Albert Triboulet en 1940

        Au début de la guerre, Albert Triboulet est mobilisé dans le 3e bataillon du 440e régiment de pionniers. Il va assurer la rentrée scolaire de 1940. La ville de Romans est atteinte par les Allemands au même moment, le collège n’échappe pas aux difficultés qui frappent la France. Les cours reprennent en octobre dans les locaux habituels, qui servaient d’hôpital complémentaire à l’armée. Le manque d’enseignant est un problème aigu[14]. Tout au long de la guerre, il est difficile d’encadrer et de ravitailler l’internat.  Les Allemands reprennent le contrôle du collège fin 1943 début 1944. Son fonctionnement est encore plus précaire. Dans l’urgence, le principal doit trouver de nouveaux locaux, mais la mairie est réticente à l’idée de lui fournir un internat provisoire.  Durant la guerre, Albert Triboulet donne des cours clandestins tôt le matin et tard le soir à plus d’une centaine d‘élèves au Château de Sallmard à Peyrins.

Actes de résistance[modifier | modifier le code]

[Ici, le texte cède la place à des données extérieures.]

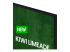Samsung BE75D-H - 75" Diagonalklasse BED-H Series LED-bakgrunnsbelyst LCD TV - Nærbilde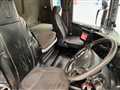 2015 Scania Scania Others
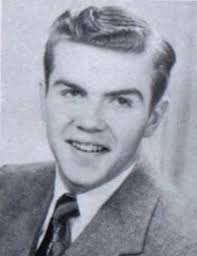 Heads up, Classes 1957-1961: there is a granddaughter seeking photos of her  grandma who attended Tuley those years. Please read her post ( and my  response to her) below if you can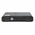 Baterija za laptop Asus A32-F82 11.1V 5200mAh HQ2200.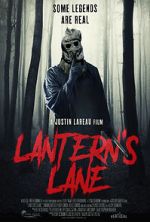 Watch Lantern\'s Lane 9movies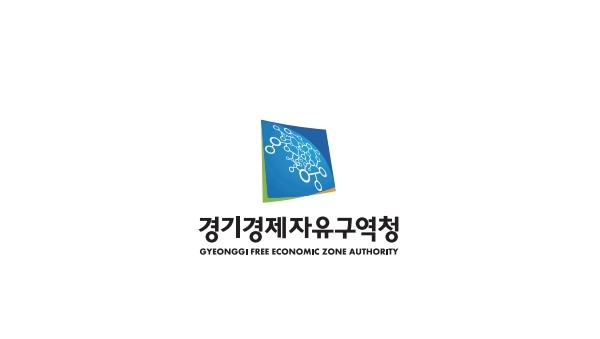 6.경기경제자유구역청+CI.jpg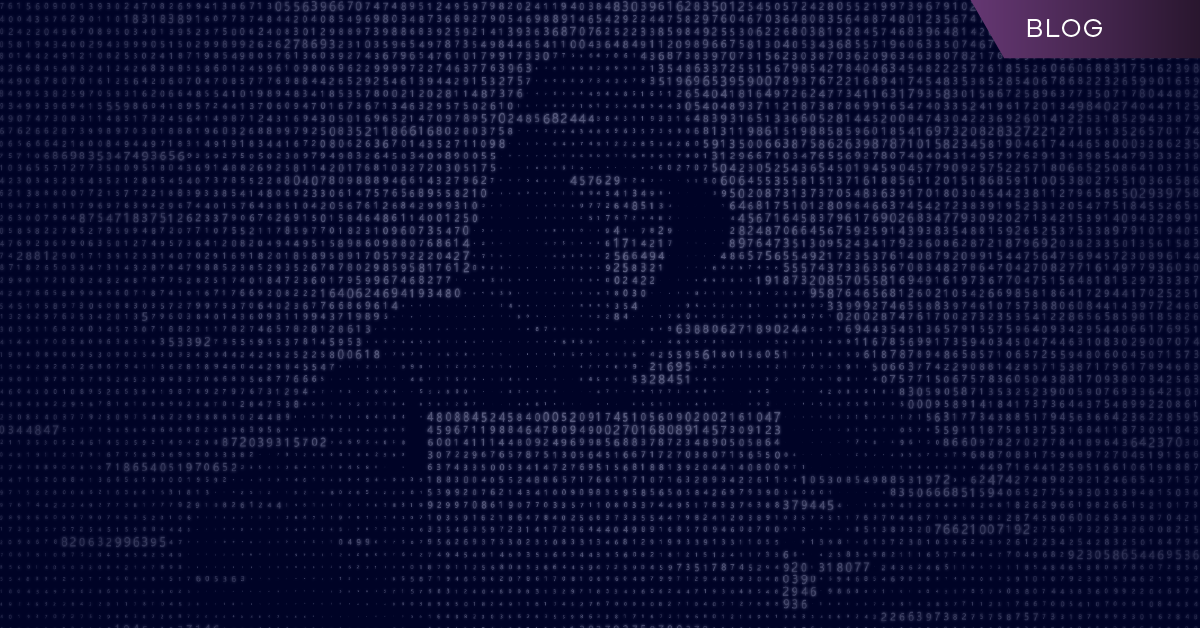 Thumbnail_Blog_Ransomware-Trends-2025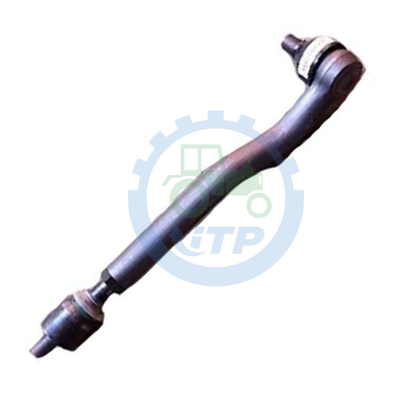 Legame Rod Assembly Left Hand AT326538 dell'escavatore a cucchiaia rovescia 315SJ per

Ses motivations idéalistes et humanistes le poussent naturellement sur la voie de la Résistance, ainsi il s’engage auprès des réseaux socialistes d’avant guerre aux alentours de 1940[15], date approximative, car très peu d’informations sont disponibles. L’une des premières traces de sa résistance est sa participation à la manifestation contre le changement du nom de la place Jean-Jaurés en Maréchal Pétain. Albert Triboulet va ensuite devenir un des principaux administrateurs de la résistance civile à Romans.

La première préoccupation du couple Triboulet va être de réunir et mettre en relation les résistants à Romans et Bourg de péage, au moyen d’un réseau de communication dont l’objectif premier est de faire de la propagande. Albert fait imprimer puis distribuer des tracts et des journaux clandestins, liste les actes des collaborateurs et attend les ordres. Il explique à son collègue, Vincent Baume[16], le fonctionnement du mode de recrutement. Bientôt le réseau s’étend et devient solide, Triboulet en organise le fonctionnement et distribue les rôles. Avec l'aide de sa femme Sarah, ils organisent les réunions des résistants dans leur foyer, produisent des tracts et cachent chez eux des juifs, des clandestins et des recherchés par la police et la milice.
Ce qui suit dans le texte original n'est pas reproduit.